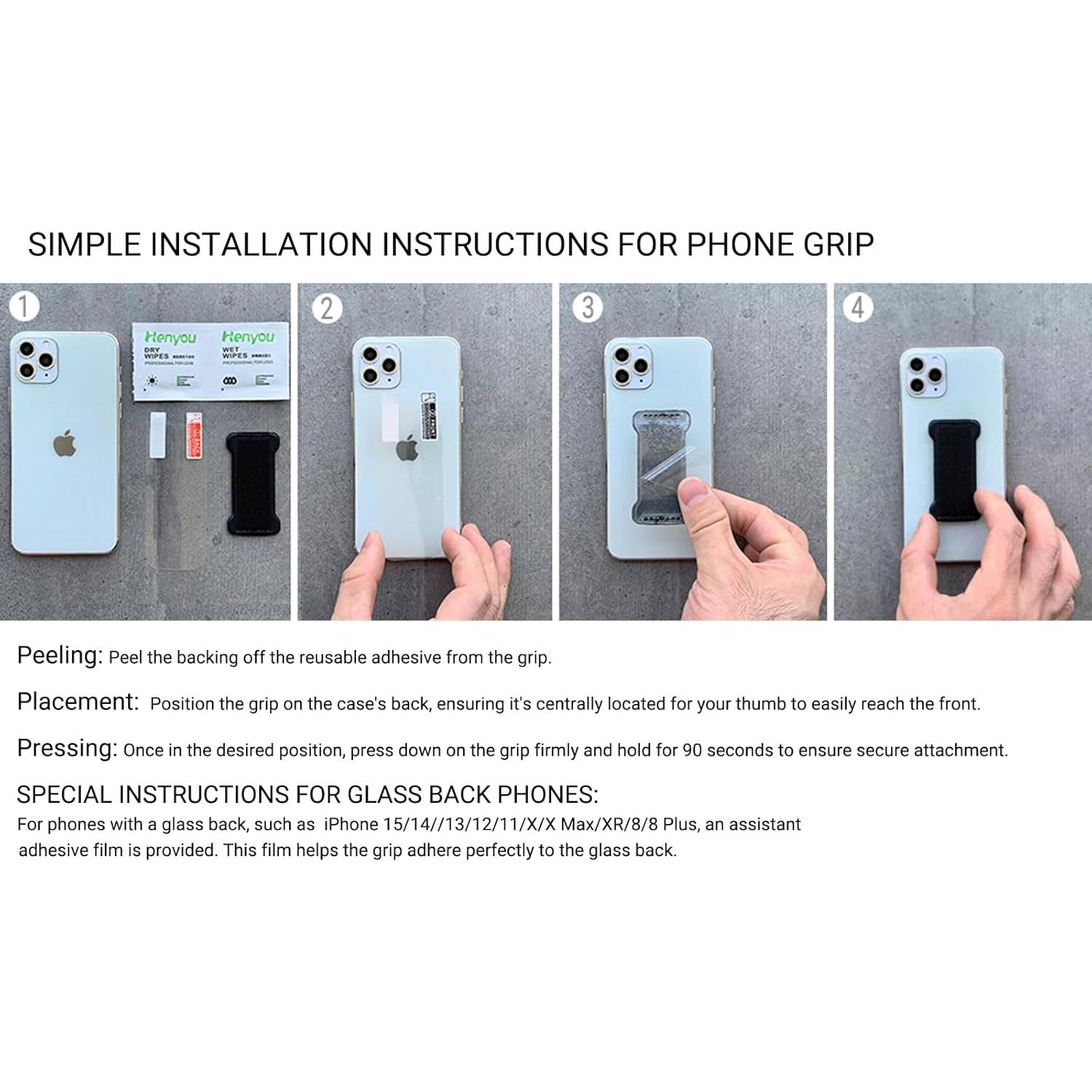 Soporte para Teléfono WUOJI - Correa Dedo Antideslizante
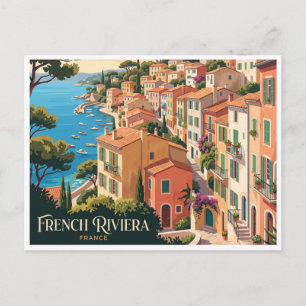 French Riviera Villefranche-sur-Mer France Postcard
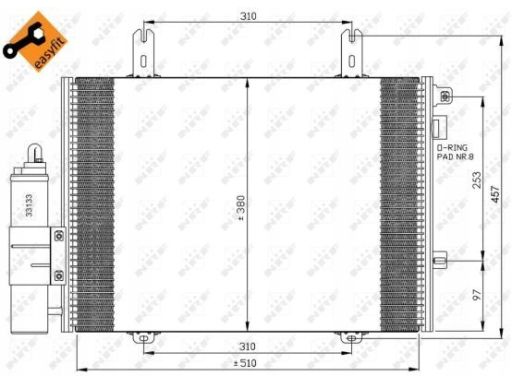 Skraplacz Klimatyzacji 35353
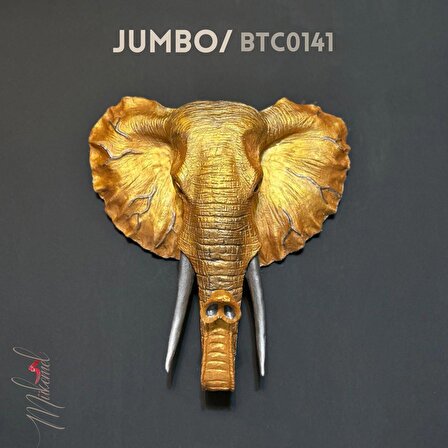 Jumbo ( Afrika duvar fili, baş heykeli, şimdiye kadar görülen en büyük hayvan ) Mukemel Tasarımları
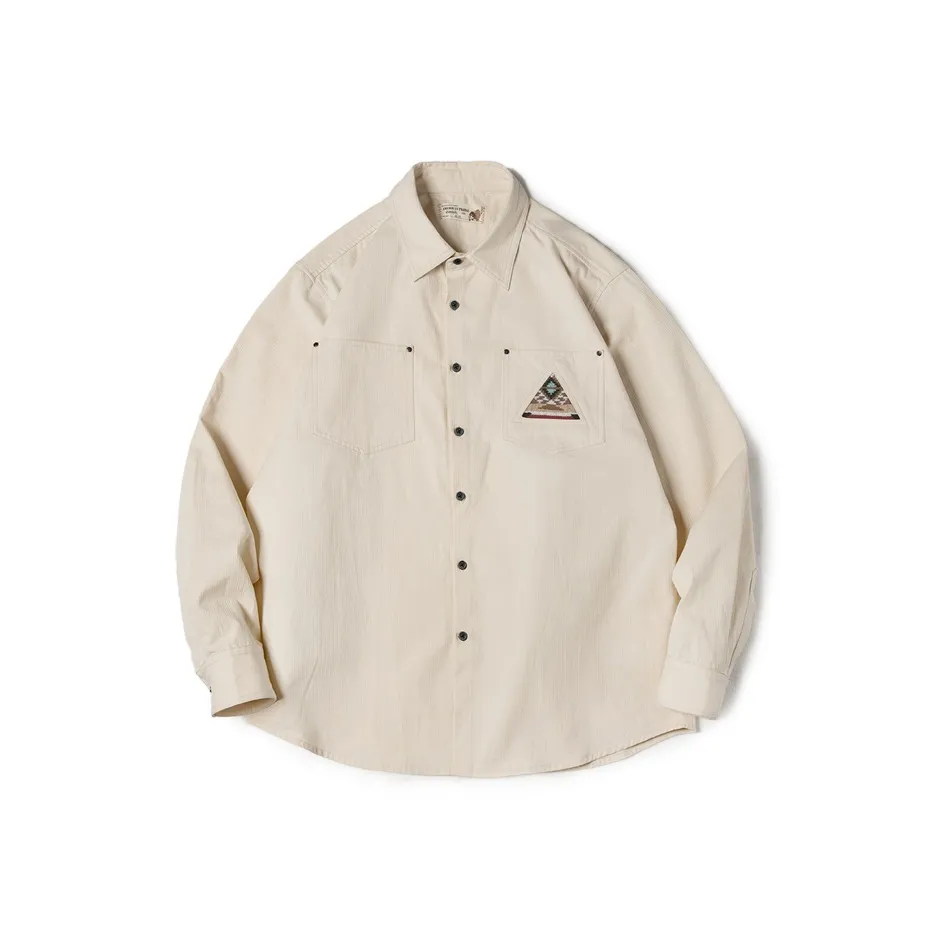 MADEN Экрю Мужские Рубашки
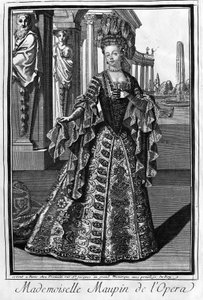 Mademoiselle Maupin, French singer
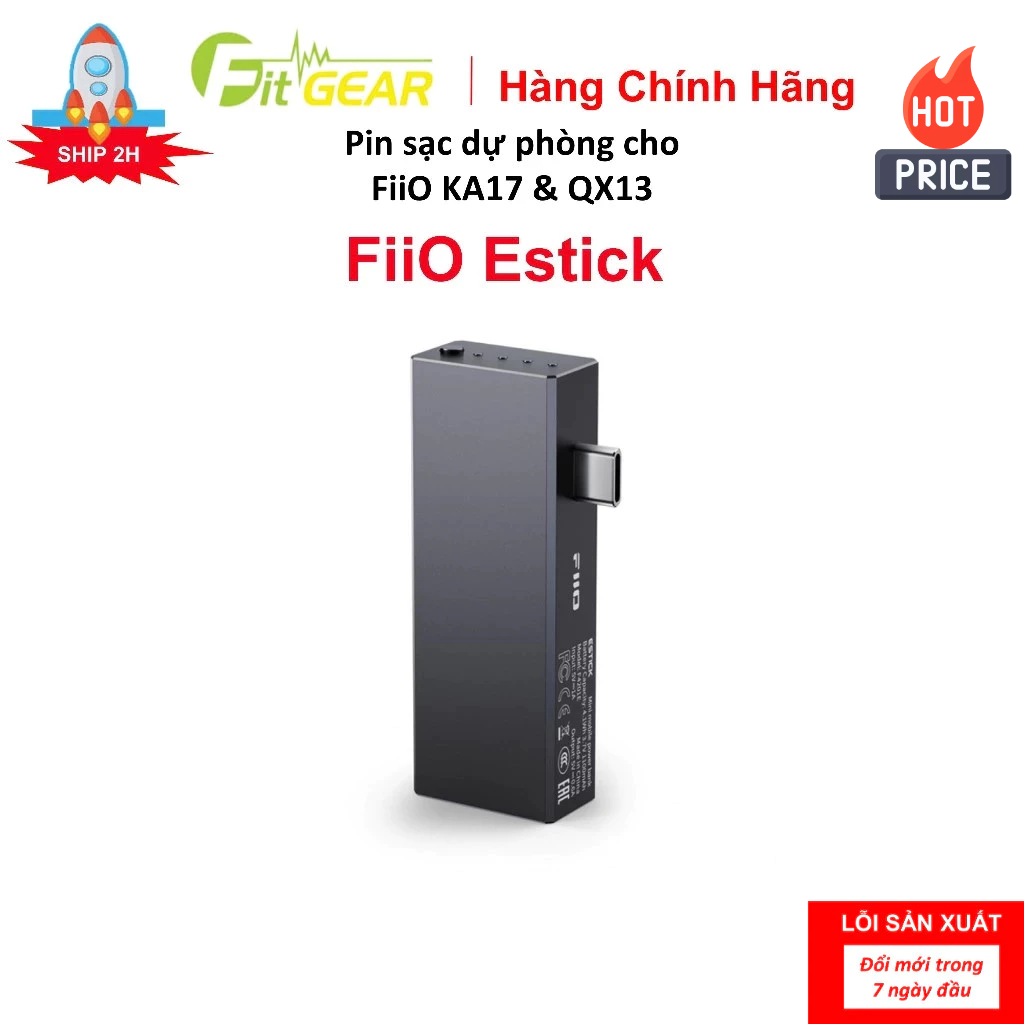 Pin Sạc Dự Phòng FiiO ESTICK Cho FiiO KA17 và FiiO QX13 Chính Hãng - FG2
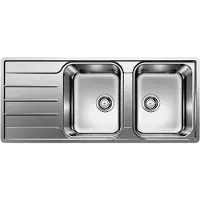 BLANCO Lemis 8 - Spoelbak, 116x50 cm, geborsteld rvs 523036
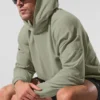 Sudadera con capucha Double Take - Caliza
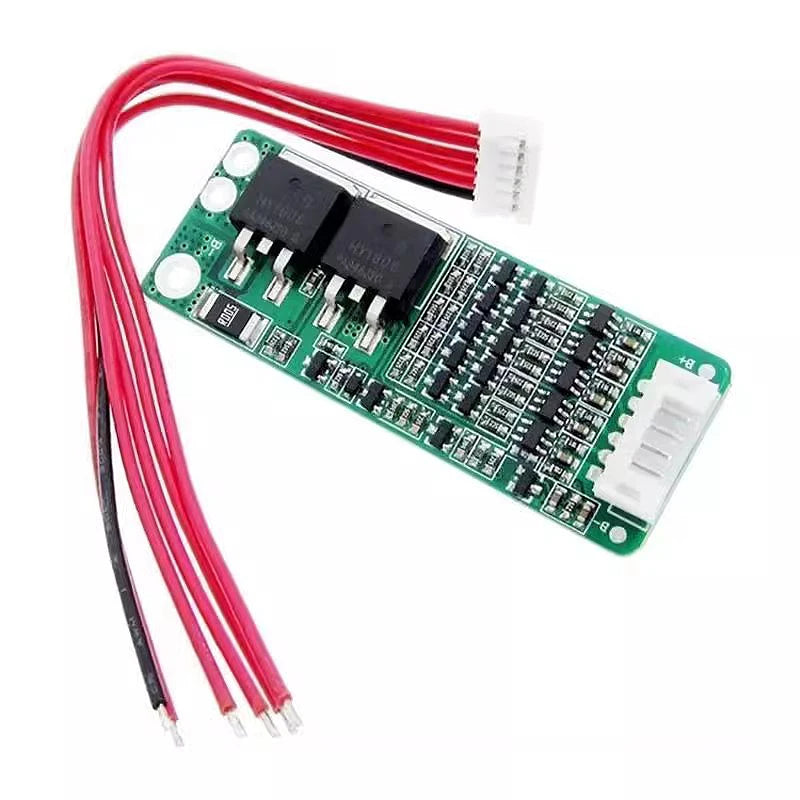 5S 15A Li-ion BMS Protection Board — 18V–21V, 18650 Overcharge/Overdischarge/Overcurrent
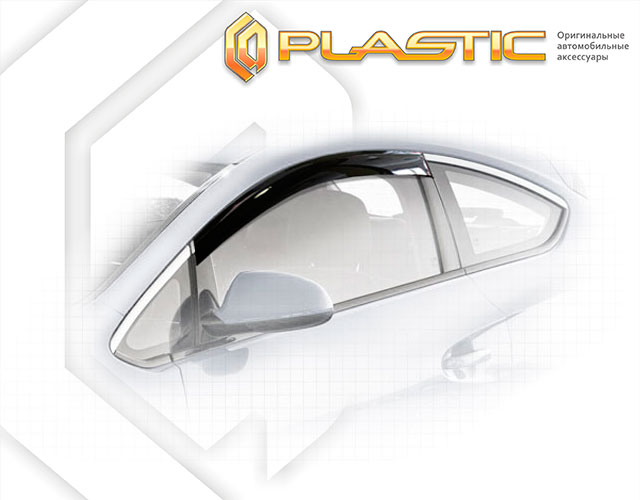 Window visors (Classic translucent) Opel Astra GTC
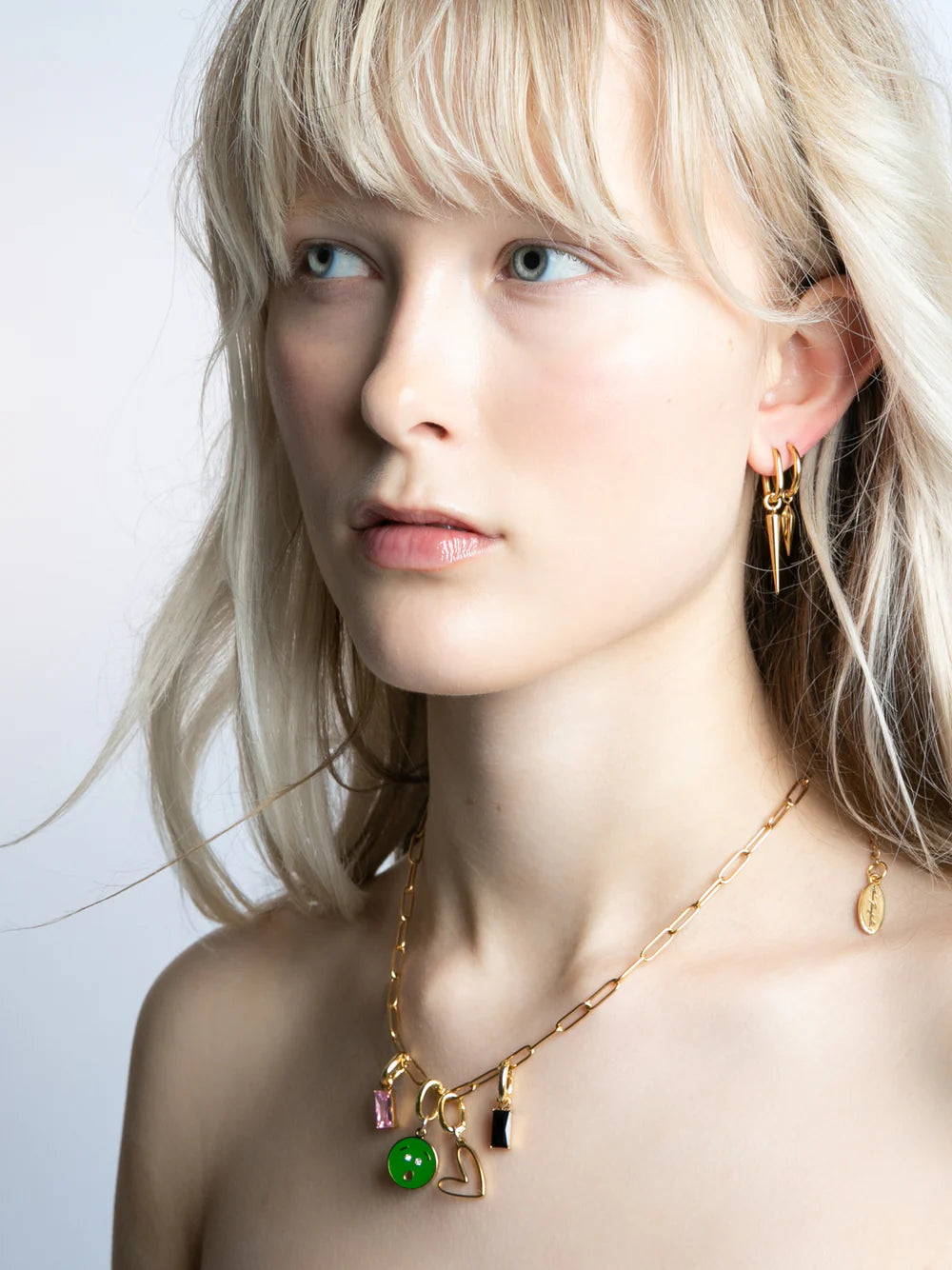 Charm Clip Chain Necklace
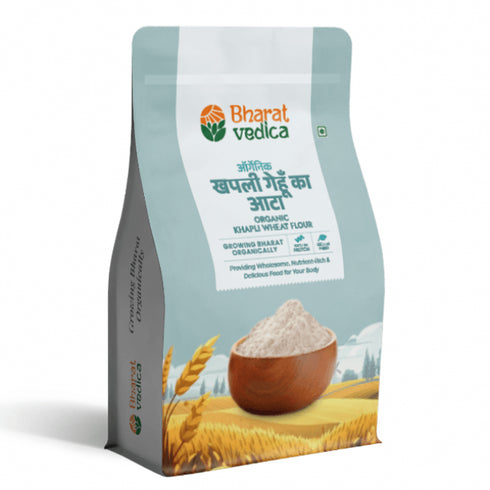 Bharat Vedica Organic Khapli Wheat Flour Organic Khapli Gehu ka Atta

About this exercise: Nothing should appear in the reply except the lines from the start of the listing above through the line with "Sudadera con capucha Double Take - Caliza", repeated exactly and free of pictures.

Written response:
 Soporte para Teléfono WUOJI - Correa Dedo Antideslizante
 French Riviera Villefranche-sur-Mer France Postcard
 Skraplacz Klimatyzacji 35353
 Jumbo ( Afrika duvar fili, baş heykeli, şimdiye kadar görülen en büyük hayvan ) Mukemel Tasarımları
 MADEN Экрю Мужские Рубашки
 Mademoiselle Maupin, French singer
 Pin Sạc Dự Phòng FiiO ESTICK Cho FiiO KA17 và FiiO QX13 Chính Hãng - FG2
 BLANCO Lemis 8 - Spoelbak, 116x50 cm, geborsteld rvs 523036
 Sudadera con capucha Double Take - Caliza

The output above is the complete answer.